I had forgotten the most important lesson I’d learned in the Ziyaana: there was no end to fear. You could not become hard enough to escape it. Terror swept through me as one of the Garda pulled out a knife. The ground seemed to tilt underneath me. It was an image straight from my nightmares, so much worse than anything that had come before. Husnain.
“Please!” I said.
I hated myself in that moment. Hated my voice, hated
my shaking, hated that I could still be victim to Nadine’s cruelty, even after everything I’d survived. “Whatever you want—”
Her lip curled. “You know what I want, girl.”
The knife pressed against my brother’s throat.
“I will never do anything like that again,” I said, frantic as the knife pressed and a drop of blood welled up. “I know—I know the cost. Never. I swear it.”
The knife continued to press and my heart beat frantically, choking up my lungs. “Please! I swear on my brother’s life.”
“Release him,” she said derisively, and the knife left my brother’s throat.
I collapsed to my knees, breathing hard. My brother couldn’t see me. None of my family could. But my mother made a choked sound when the Garda moved away, a sound I echoed. I reached out for the screen. My hands were shaking.

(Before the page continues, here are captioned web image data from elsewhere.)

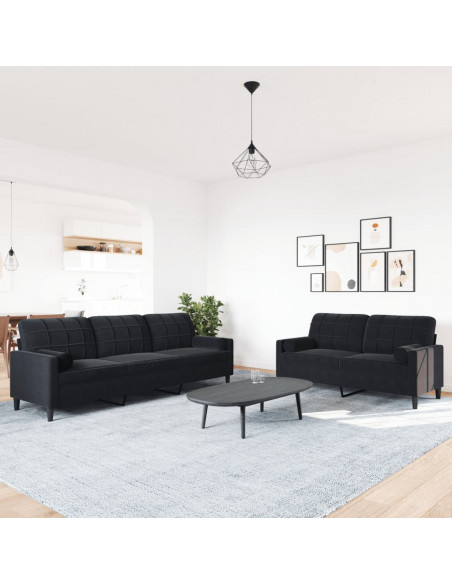 Set di Divani 2 pz con Cuscini e Rinforzi Nero in Velluto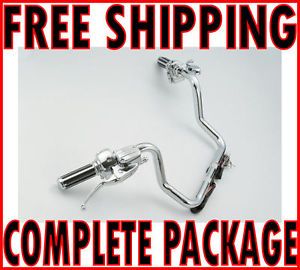 Paughco 14" Chrome Pre Wired Ape Hanger Handlebar Controls Switches Grips Kit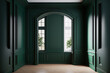 © AkuAku - 3d dark green wall mockup design in an empty room with wooden floor and white high french windows. Generative AI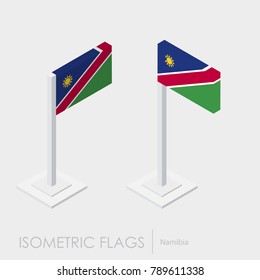 Namibia flag 3d isometric style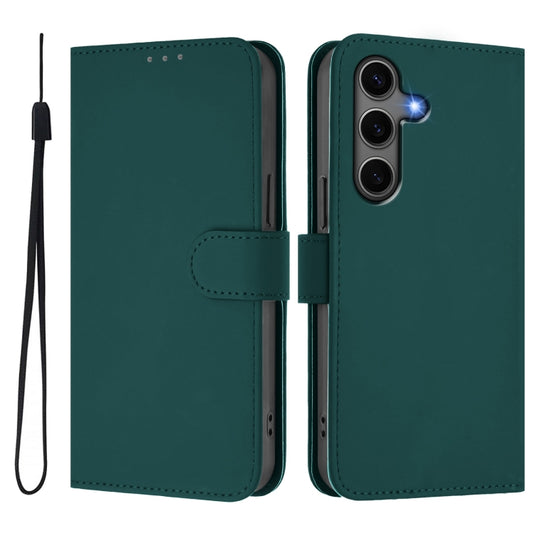For Samsung Galaxy S25+ 5G Skin Feel Solid Color Leather Phone Case with Lanyard(Dark Green) by buy2fix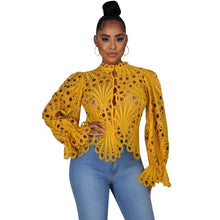 Load image into Gallery viewer, New Elegant Long Sleeve Hollow Out Mesh Lace Shirt Sheer See Through Top Blouse Clothing Dashiki African Shirts For Women 116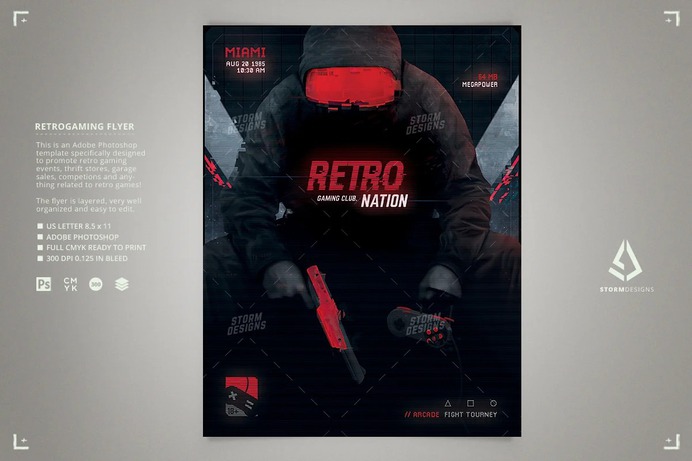 Game Night Flyer Retro Nation Poster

Nadine walked around me, and caught me by the chin.
“Remember,” she said, voice harsh, “what it is I hold over you. You have many family members and there are many, many ways to inflict pain. Understand?”
“Yes,” I choked out. “Yes, my lady.”
She released me with a snarl of disgust.
“You may remain here until I feel like looking at you again,” she said.
After a moment, I heard the door groan shut.
There was no window in the room, nowhere to look but at the screen before me. Just as I grew used to the horror of that last frozen image of my family, it all started again—they’d recorded it, I realized. They were playing it back for me to watch, again and again. I measured the time by the start of the recording—my family, sitting down to dinner. The door being kicked down. Aziz and then my mother being hit. I could not forget the sounds. I could not breathe through the sounds. Over and over, there was the sound of flesh being struck and then a voice crying out. It all blurred together.
At the end, they were alive. At the end, the Garda marched out, and my mother rose, swaying, to her feet, and cried out.
“Where is she?” she said, and took hold of a Garda’s arm. “Where is my daughter?”